No necesitaba el anillo aquí, no había nada de lo que huir, ningún peligro del que desaparecer. Y, aunque todo su cuerpo le pedía darse la vuelta, abrir el cajón, abrir la caja y cogerlo entre sus dedos, notar su frío y cálido tacto una vez más; respiró y salió con paso decidido del cuarto, sabiendo que era hora de dejar de ocultarse.

Bilbo encontró a su primo en el jardín, recolectando las últimas hortalizas de la temporada. Bilbo abrió y cerró los dedos de las manos, tratando de pensar en una forma de afrontar la situación, pero después de estar ahí durante unos minutos supo que no había estrategia posible.

'Drogo.' Gritó ligeramente, y este se giró.

'Hola Bilbo.' Dijo Drogo de rodillas. '¿Me echas una mano?'

Bilbo suspiró y fue a su lado, arrodillándose junto a él y metiendo su mano en la tierra, dejando que el calor y la energía que allí notaba le relajase.

'Siempre se te dio tan bien la jardinería.' Dijo su primo al cabo de unos minutos en silencio, ambos trabajando.

Bilbo sonrió, metiendo sus manos en la tierra y notando ese calor que su madre le había enseñado a buscar, dejando que esa energía entrase en él y le diese fuerzas. Pudiendo imaginarse sus ojos azules sonriéndole con cariño.
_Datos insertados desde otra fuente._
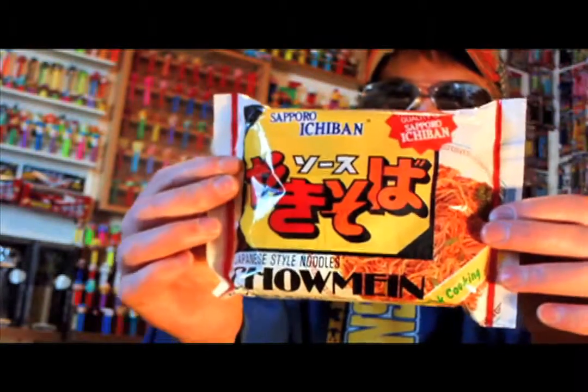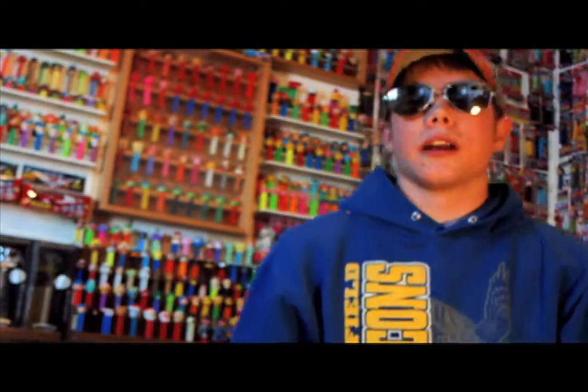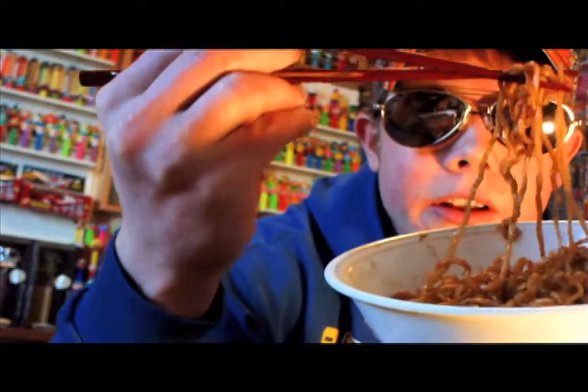Hey everybody, this is my review on Japanese style noodles, chow mein. I cooked up these noodles here, and this is what they look like.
Sacó las manos de la tierra y miró a su primo. 'Drogo, tenemos que hablar.'

Este le miró con curiosidad pero sin preocupación. '¿De qué?'

'De mi. De la verdad.'

'¿De qué hablas Bilbo?'

Bilbo sabía que era más sensato entrar en la casa, que quizás debería llamar a Prímula también para decírselo a ambos, pero sabía que su prima lo sabía, aunque no lo hubiese confesado. Pero Drogo… Drogo merecía saberlo por él, merecía la verdad. Drogo era casi un hermano para él y no podía irse sin ser honesto con él.

Rezó porque nadie fuese a su encuentro, respiró y se armó del mismo valor con el que se había enfrentado a Smaug todas esas lunas atrás.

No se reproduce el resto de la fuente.